Небрежным махом хвоста Тимыч сносит зарвавшуюся пучеглазую прочь. Та, издав в полёте придушенный квак, шмякается в траву. И затихает.

— Ох, простите, пожалуйста… — бормочу сконфуженно. — Рикки вовсе не хотел вас уронить, он просто не рассчитал. Мы сидели на дереве, там так мало места…

— Что?

Взгляд у Мири становится расфокусирован. Вряд ли она меня понимает. Спохватившись, прищёлкиваю пальцами, сплетая лёгонькое заклятье сушки, которым сама не так давно пользовалась. Тут главное — не обжечь, одежды-то на донне пшик. То ли она ванну собиралась принять, то ли из ванны выскочила… И что мне теперь с ней делать?

Опережая мои мысли, кот выдувает в сторону Мирабель своё коронное радужное облако, куда больше предыдущих. Оно неспешно обволакивает фигуру незваной гостьи, сливается с моим плетением — выглядит интересно, словно жидкости разной плотности и цветов смешиваются в миксере… Пых! В смысле — негромкий хлопок! И получившаяся субстанция разлетается, но не клочьями тумана, а целым облачком пуха и пёрышек. А на сухой траве, на белоснежном пледе, остаётся в полнейшем ступоре прелестная брюнетка неопределённого возраста. В лёгком белом платье эпохи ретро, в перьевом боа на шее… Помните Мону-Вертинскую из «Безымянной звезды»? Вот-вот, самое оно! И даже промокшая шевелюра высушена и рассыпана мелкими кудряшками — правда, брюнетистыми, единственное выпадение из образа. Остальное на месте: и растерянный, немного косящий взгляд, и подрагивающие от детской обиды губы…

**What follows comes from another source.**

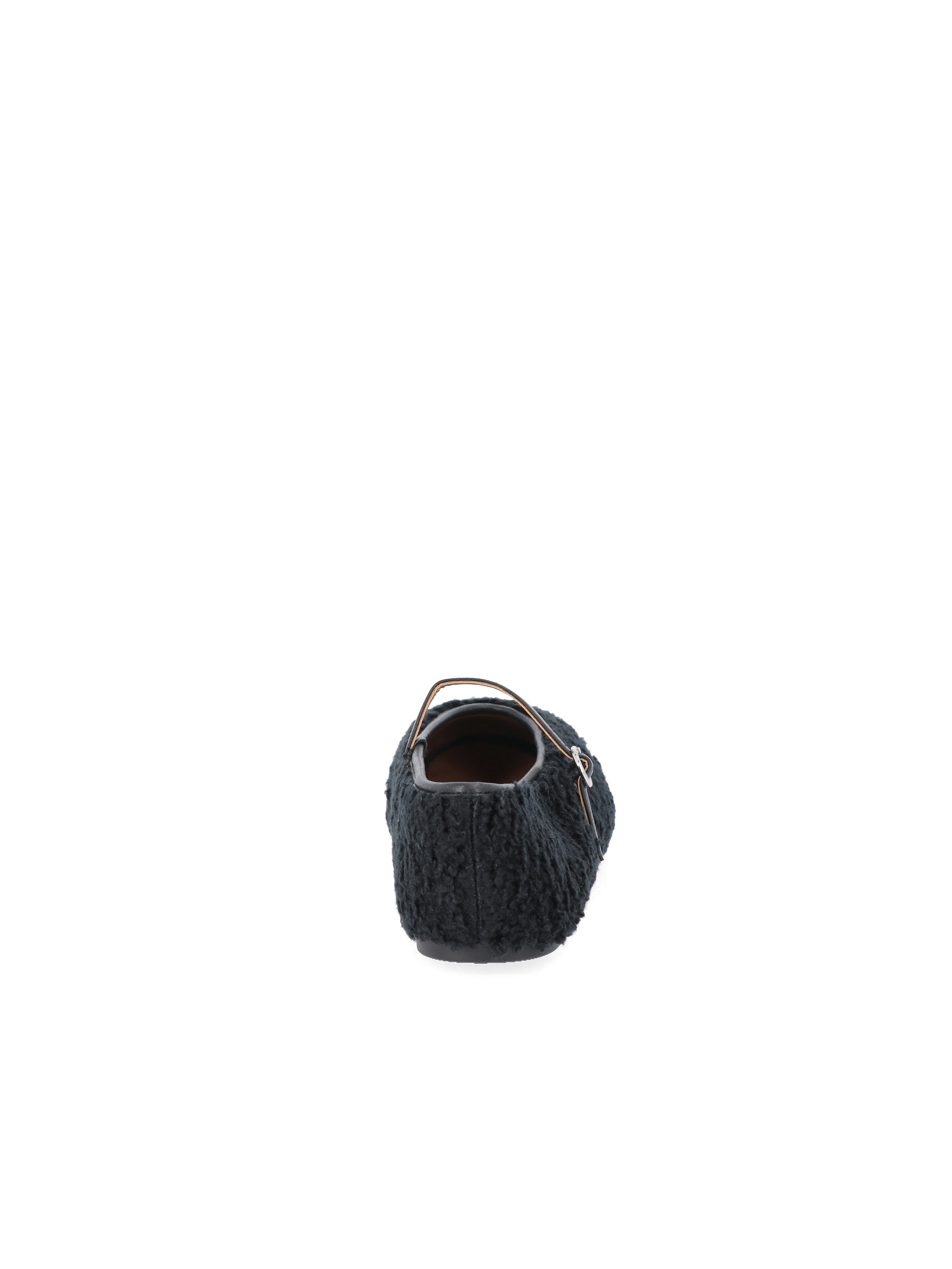 No Boundaries Women's Faux Shearling Mary Jane Flats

На ногах — туфельки. Надо же, Тимыч её ещё и обул! В лёгкие бальные туфли, точно вписывающиеся в концепцию, созданные для скольжения по паркетам, но отнюдь не по каким-нибудь там плебейским мостовым.

Хоть и не сразу, но, осознав случившуюся метаморфозу, Мири потихоньку приходит в себя. Ощупывает ткань, вглядывается в непривычный крой рукавов, машинально оглаживает пышные перья… И что-то вспомнив, судорожно озирается. Подбирает под себя и вторую ногу.

— А где это… ужасное животное?

— Оно более не побеспокоит ваус, пр-рекрасная донна! — галантно отвечает кот, распушившийся, сверкающий глазюками, словно драгоценными камнями. Мне даже начинают мерещиться шляпа с пером, ботфорты и шпага, усыпанная бриллиантами. При звуках его голоса прекрасная донна вздрагивает и, кажется, вновь переходит к предобморочному состоянию. Говорящий кот!.. Но трямканье печальной музычки и шевеление в траве переключают её внимание.

По тропинке от дома к озеру вышагивает самая настоящая траурная процессия. В авангарде знакомый мышиный оркестрик, он уже заворачивает в траву. Вслед за ним, держа строй, шествуют колонной в три ряда мышата в чётных бархатных пелеринках и цилиндрах, утирающие на ходу слёзы. Четверо, запряжённые цугом, везут крошечный катафалк. Замыкающие, в траурных повязках на лапках, несут на алых подушечках какие-то награды, в которых, приглядевшись, распознаю серебряного комара, червячка-переростка, репейник… и прутик?